Question: Calculate the cross-sectional area of the solenoid given the following parameters: Length of the solenoid is 3.00 m, the number of turns per meter is 290, the current is 3.00 A, and the stored energy is 2.80 J. Answer: The cross-sectional area of the solenoid is approximately \(4.70 \times 10^{-4} \ \mathrm{m^2}\).

Step-by-step solution

Identify the given values

From the problem, we are given the following values: Length of the solenoid \(l= 3.00 \ \mathrm{m}\) Number of turns per meter $n=290\ \mathrm{m}$ Current $I=3.00 \ \mathrm{A}$ Stored energy $U=2.80 \ \mathrm{J}$

Apply the formula to find stored energy in the solenoid

The stored energy in the solenoid is given by the formula: $$ U = \frac{1}{2} L I^2 $$ Where \(U\) is the stored energy, \(L\) is the inductance of the solenoid, and \(I\) is the current.

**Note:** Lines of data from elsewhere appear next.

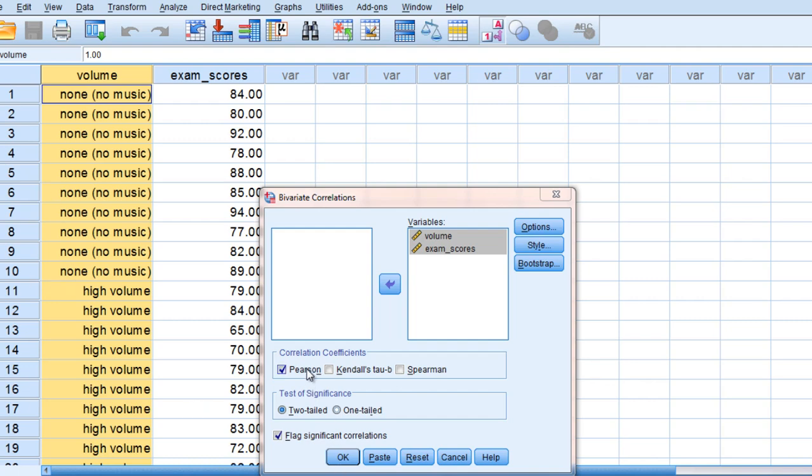It's just a normal Pearson correlation coefficient and it got this special name back in the olden days when people would do a lot of calculations by hand and the point biserial had a special formula that was a little easier or quicker to calculate than the regular Pearson's R. But it really is just running a Pearson's R. So let's go ahead and take a look at that.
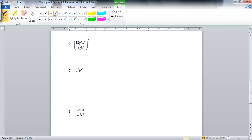We're going to try a couple more difficult exponent problems. Number 6 looks very similar to number 4 that we did earlier, except inside the parentheses there's a g to the 4th in the numerator and a g in the denominator, and an h to the 6th in the numerator and an h to the 4th in the denominator. I'm going to simplify everything inside the parentheses first, because I like things to be smaller, and then square everything with the exponent on the outside.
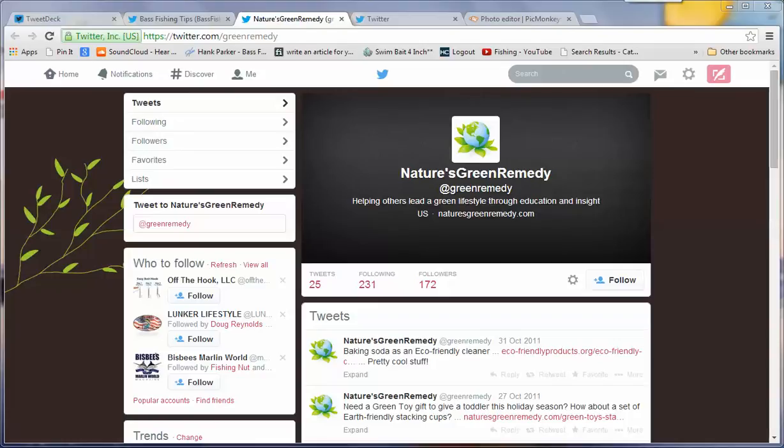Hello again everybody, Jim Hickey at Bass Fishing Tips on Twitter. Back to you with hopefully what is another helpful video. But this time, it's not really going to have anything to do with fishing lures or bass fishing or anything along those lines. It's going to have something to do with Twitter itself.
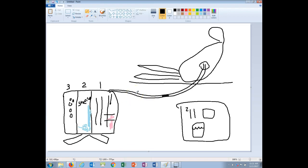If the chest tube drainage system itself is compromised, you want to immerse the chest tube here into sterile water to help restore the water seal until you can replace the actual drainage system.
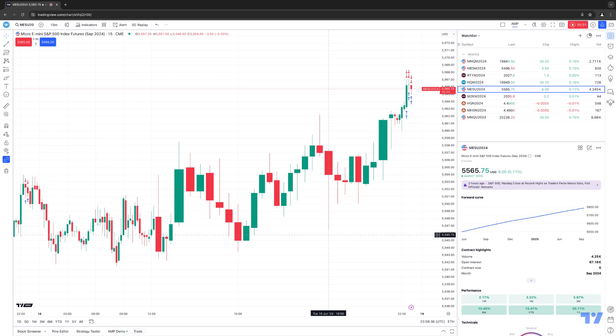Hello, welcome fellow traders. AMP Futures here presenting another how-to video. In today's video, we're going to talk about the trading panel using the TradingView platform.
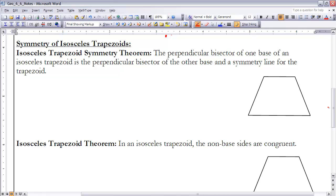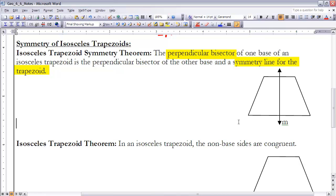Next we look at the symmetry of isosceles trapezoids. The Isosceles Trapezoid Symmetry Theorem states that the perpendicular bisector of one base of an isosceles trapezoid is also the perpendicular bisector of the other base and the symmetry line for the trapezoid. This symmetry line divides the trapezoid so that corresponding lengths on each side are equal, and it is perpendicular to both bases. Remember, the bases are the sides that are parallel to each other.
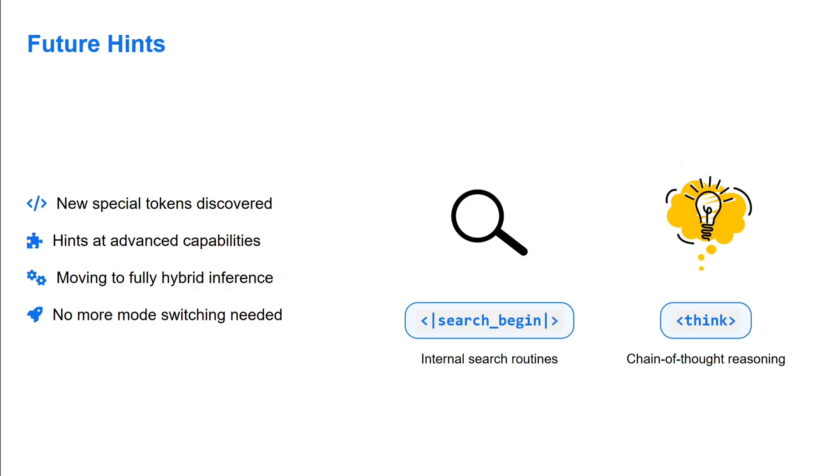Future hints - they've also introduced new special tokens like search_begin, think, etc. Moving towards a fully hybrid inference. A speculation is that the R2 or R3 series might never come into picture because they're moving towards a unified model rather than separate models for reasoning.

Use the inductance formula for a solenoid

The inductance of a solenoid with n turns per meter, with a length l and cross-sectional area A is given by the formula: $$ L = \frac{\mu_0 n^2 A l}{l} $$ Where \(\mu_0 = 4\pi \times 10^{-7} \ \mathrm{Tm/A}\) is the permeability of free space.

Combine the formulas for stored energy and inductance

We can substitute the formula for the inductance \(L\) from step 3 into the formula for stored energy from step 2, which gives: $$ U = \frac{1}{2} (\frac{\mu_0 n^2 A l}{l}) I^2 $$ Now, we need to solve for the cross-sectional area \(A\).

Solve the equation for the cross-sectional area A

First, we can cancel out \(l\) from the numerator and denominator in the formula: $$ U = \frac{1}{2} (\mu_0 n^2 A) I^2 $$ Now, rearrange the formula to solve for \(A\): $$ A = \frac{2U}{\mu_0 n^2 I^2} $$

Substitute given values and find the cross-sectional area

Now substitute the given values into the formula and solve for the cross-sectional area \(A\): $$ A = \frac{2(2.80 \ \mathrm{J})}{(4\pi \times 10^{-7} \ \mathrm{Tm/A})(290 \ \mathrm{m^{-1}})^2 (3.00 \ \mathrm{A})^2} $$ Calculate the value of \(A\): $$ A \approx 4.70 \times 10^{-4} \ \mathrm{m^2} $$ So, the cross-sectional area of the solenoid is approximately \(4.70 \times 10^{-4} \ \mathrm{m^2}\).